(Records excerpted from a collection)
=======
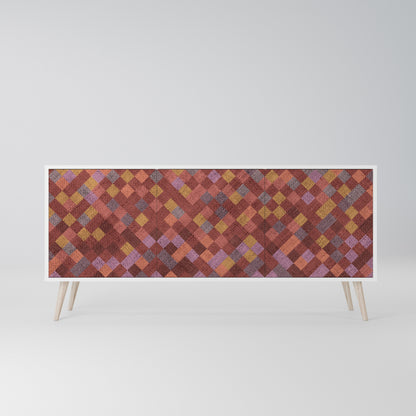 PAINTED SQUARES Madia a 3 Ante in Finitura Bianca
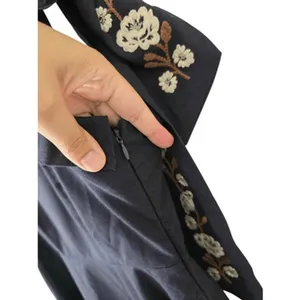 Petal & Pup Navy Blue Linen Blend Floral Embroidered Midi Dress Size Medium thumbnail 5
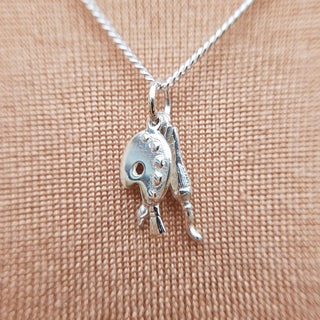 solid silver artist charm with English hallmark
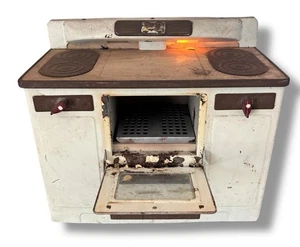 Horno eléctrico de juguete Empire Little Lady de colección con tapa de estufa de esmalte melocotón raro - Imagen 1 de 9
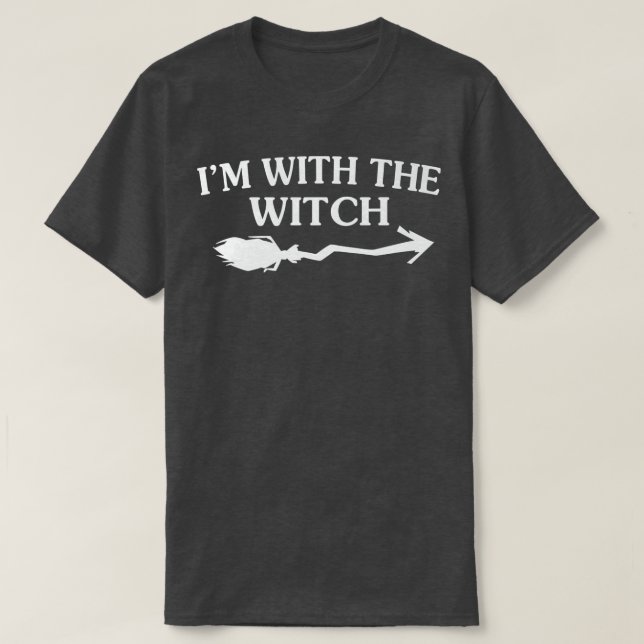 Womens Scary Halloween design broom witch  T Shirt (Design framsida)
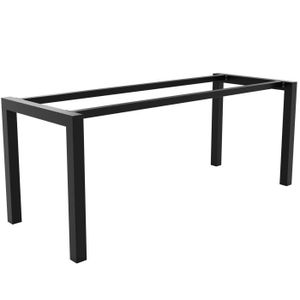 PIED DE TABLE MetaloPro Pied de Table Métal, Pieds de Table en Acier, Pieds de Bureau avec Vis et Protecteurs de Sol - 150 x 70 x 72cm – Noir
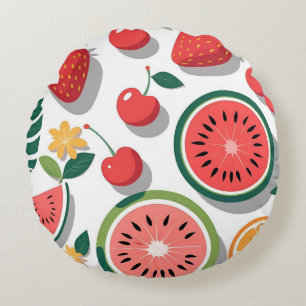 Söt sommarfrukt Dekorativ kuddcover Rund Kudde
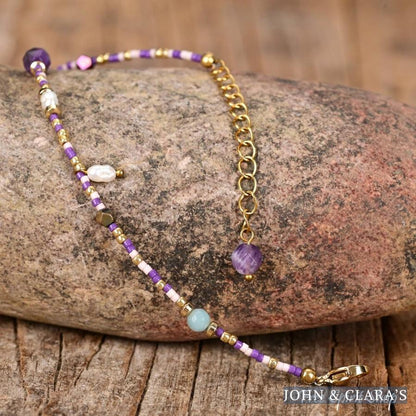 Natural Amethyst Hematite & Purple Assorted Bead Choker Necklace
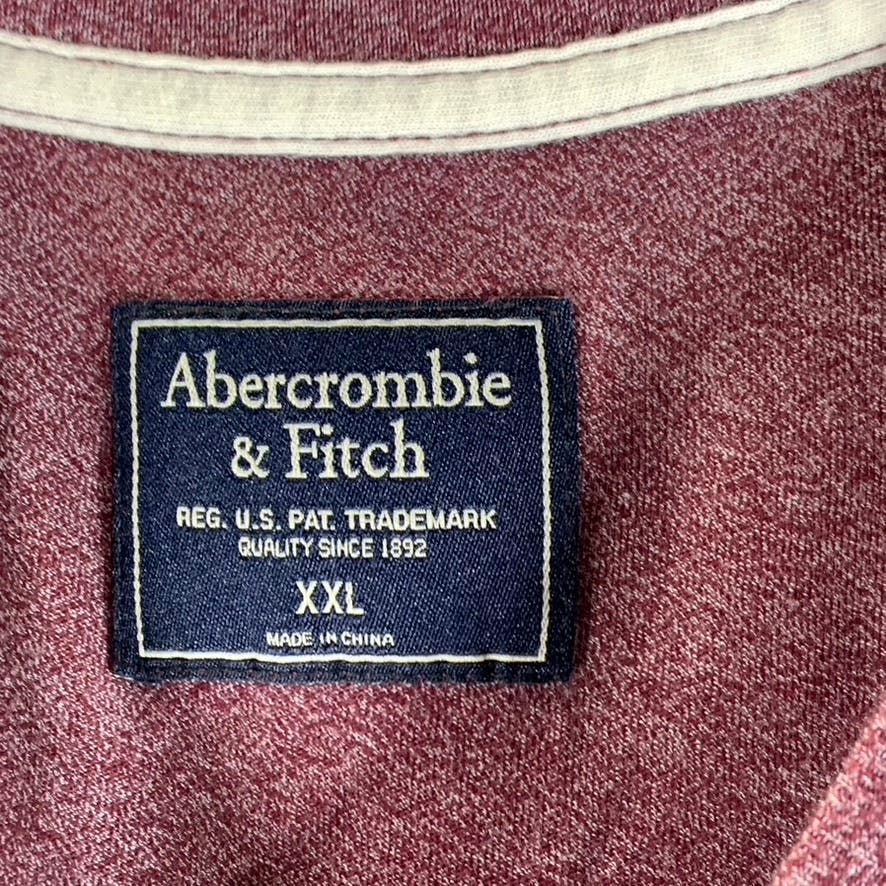 ABERCROMBIE & FITCH Men's Red Heather Crewneck Cotton-Blend T-Shirt SZ 2XL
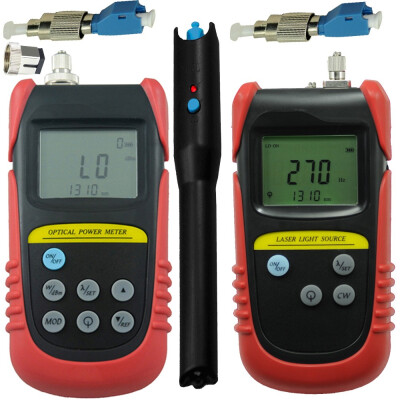 

70dB to 6dB Optical Power Meter 1310nm1550nm Optical laser light source 5mw fiber visual fault locator 2 FC to LC adapter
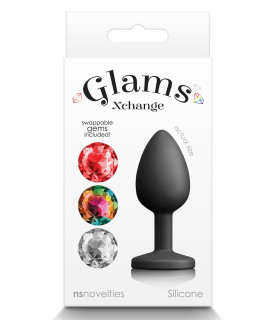 Анальная пробка со сменными кристаллами NS Novelties, силиконовая, черная, 7 х 2.7 см - No Taboo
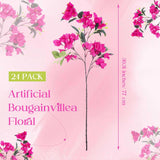 24 Pack Silk Bougainvillea Artificial Bougainvillea Floral With 6 Heads 30 Inch Long Plants Hanging Flowers For Home Wedding Indoor Outdoor Decorations Centerpieces(Rose Red)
=======
• _Task brief_
An exact copy of every entry, without pictures, should be your output.

• _Final answer_
 PAINTED SQUARES Madia a 3 Ante in Finitura Bianca
 Petal & Pup Navy Blue Linen Blend Floral Embroidered Midi Dress Size Medium thumbnail 5
 solid silver artist charm with English hallmark
 Horno eléctrico de juguete Empire Little Lady de colección con tapa de estufa de esmalte melocotón raro - Imagen 1 de 9
 Womens Scary Halloween design broom witch  T Shirt (Design framsida)
 PIED DE TABLE MetaloPro Pied de Table Métal, Pieds de Table en Acier, Pieds de Bureau avec Vis et Protecteurs de Sol - 150 x 70 x 72cm – Noir
 Söt sommarfrukt Dekorativ kuddcover Rund Kudde
 Natural Amethyst Hematite & Purple Assorted Bead Choker Necklace
 ABERCROMBIE & FITCH Men's Red Heather Crewneck Cotton-Blend T-Shirt SZ 2XL

70dB to 6dB Optical Power Meter 1310nm1550nm Optical laser light source 5mw fiber visual fault locator 2 FC to LC adapter
 Анальная пробка со сменными кристаллами NS Novelties, силиконовая, черная, 7 х 2.7 см - No Taboo
 24 Pack Silk Bougainvillea Artificial Bougainvillea Floral With 6 Heads 30 Inch Long Plants Hanging Flowers For Home Wedding Indoor Outdoor Decorations Centerpieces(Rose Red)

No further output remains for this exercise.